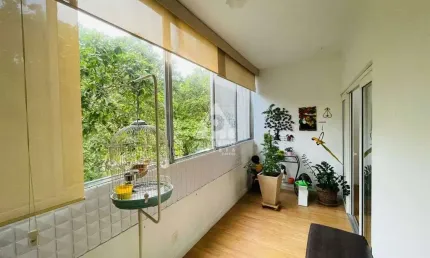 Apartamento de 2 quartos/suites, lavabo, 119m2 com vaga em rua nobre do flamengo, rj.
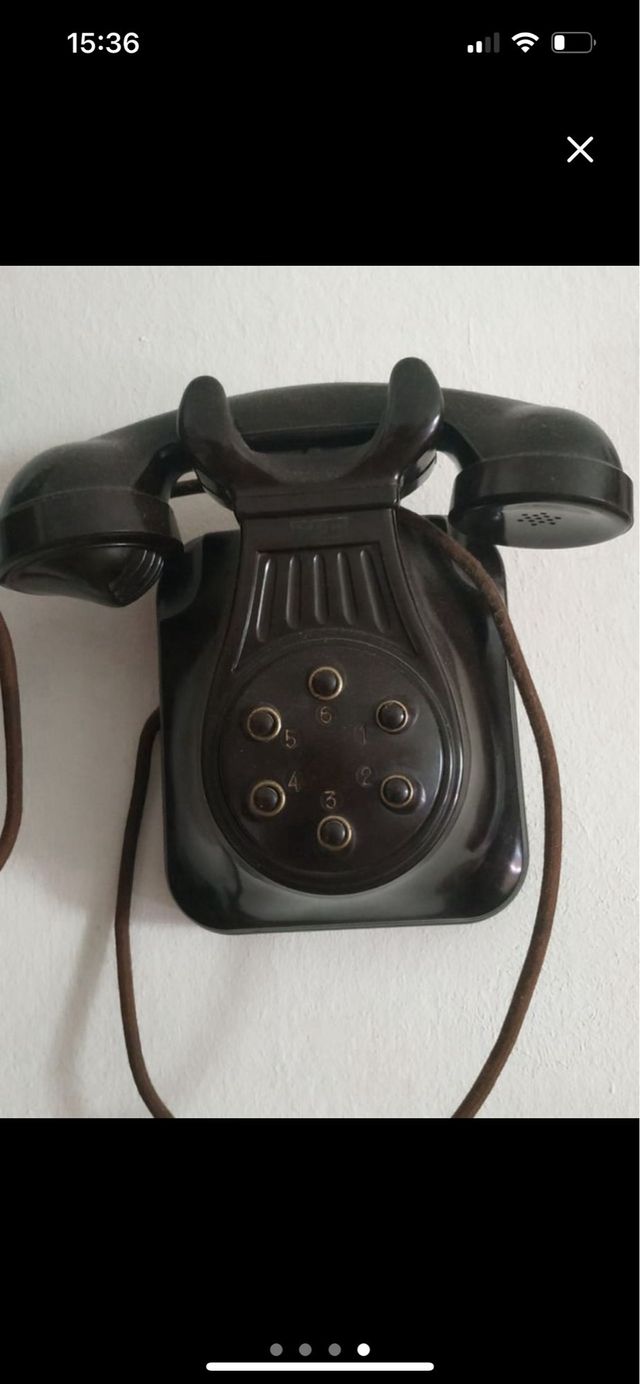 Telefono antiguo de pared. 6 botones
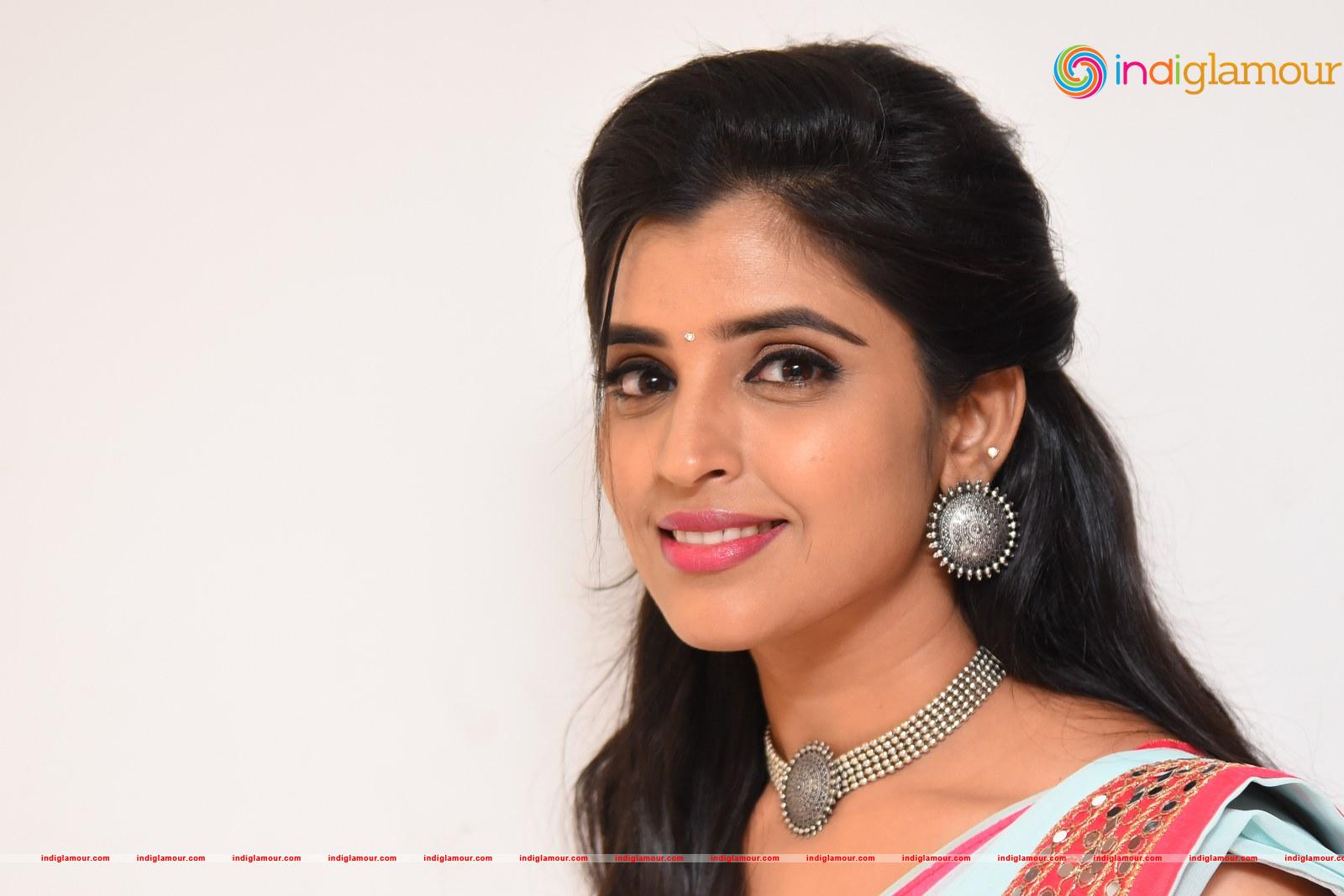 Syamala Actress hd photo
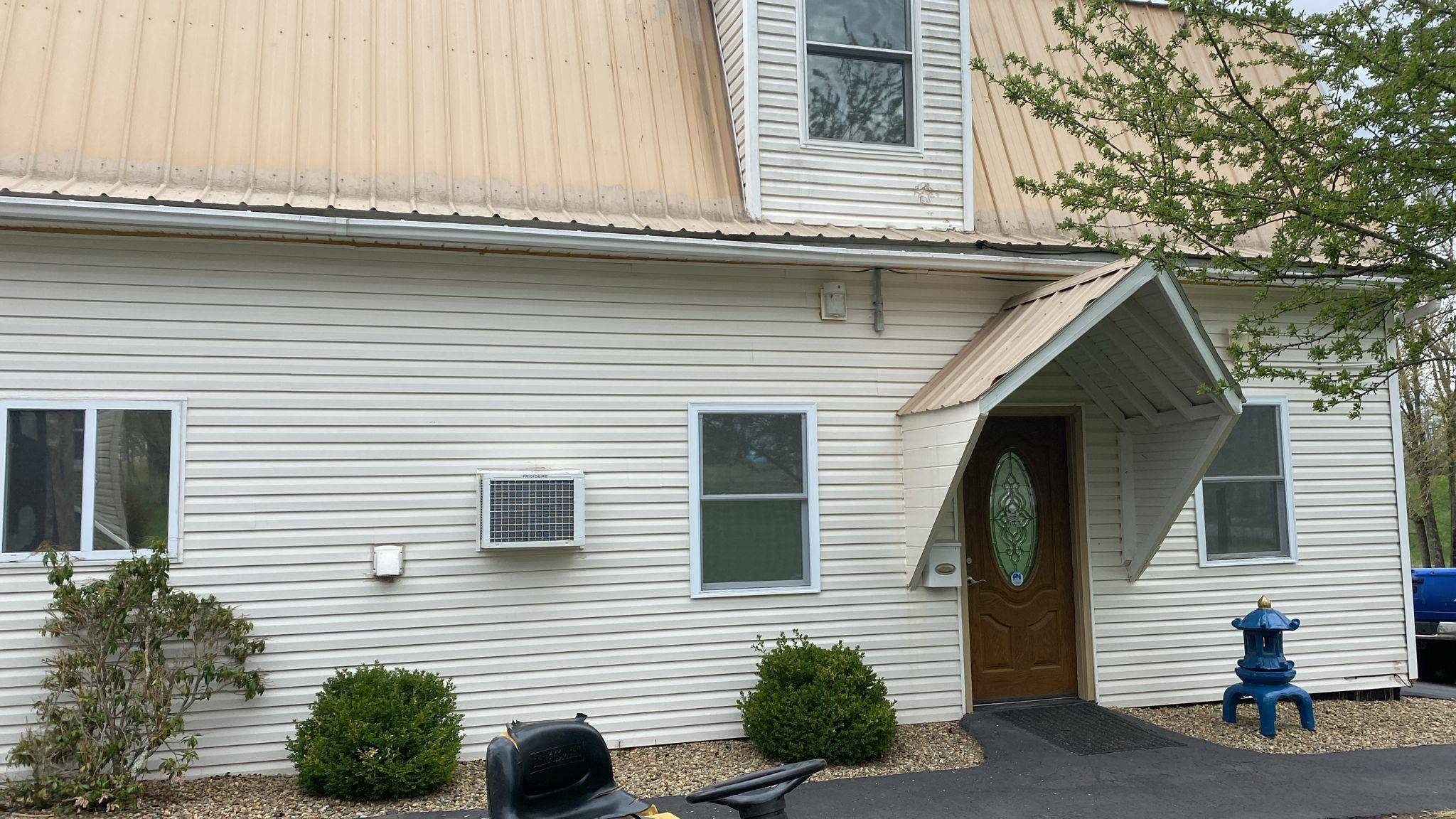 Multi Family Great for end user or investor.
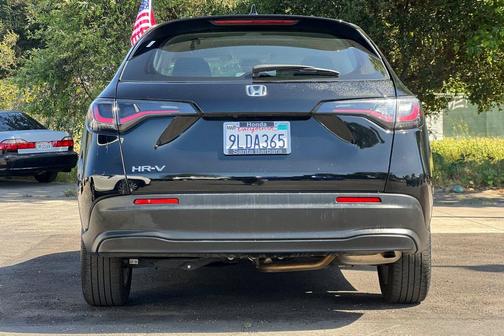 Crystal Black Pearl 2024 Honda HR-V LX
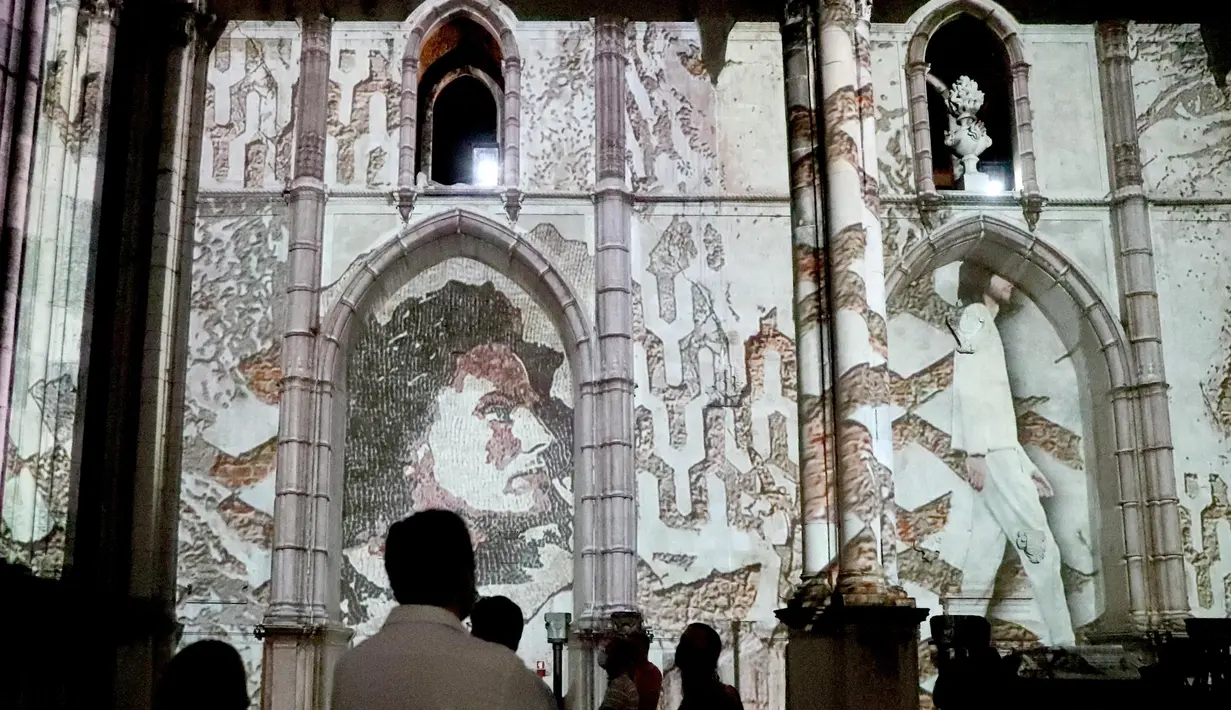 Orang-orang menikmati pertunjukan Lisbon Under Stars di Reruntuhan Gereja Carmo di Lisbon, Portugal (26/8/2020). Pertunjukan ini akan berlangsung hingga 31 Oktober merupakan pertunjukan multidisiplin yang bertujuan untuk meningkatkan budaya dan warisan Lisbon. (Xinhua/Pedro Fiuza)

══════════════════════════════

ACTIVITY: From the line that holds "Crystal Black Pearl 2024 Honda HR-V LX" down to the last line of the material above, every line is to be copied exactly, both ends included; pictures are to be omitted.

PROBLEM SOLUTION:
 Crystal Black Pearl 2024 Honda HR-V LX
 Orang-orang menikmati pertunjukan Lisbon Under Stars di Reruntuhan Gereja Carmo di Lisbon, Portugal (26/8/2020). Pertunjukan ini akan berlangsung hingga 31 Oktober merupakan pertunjukan multidisiplin yang bertujuan untuk meningkatkan budaya dan warisan Lisbon. (Xinhua/Pedro Fiuza)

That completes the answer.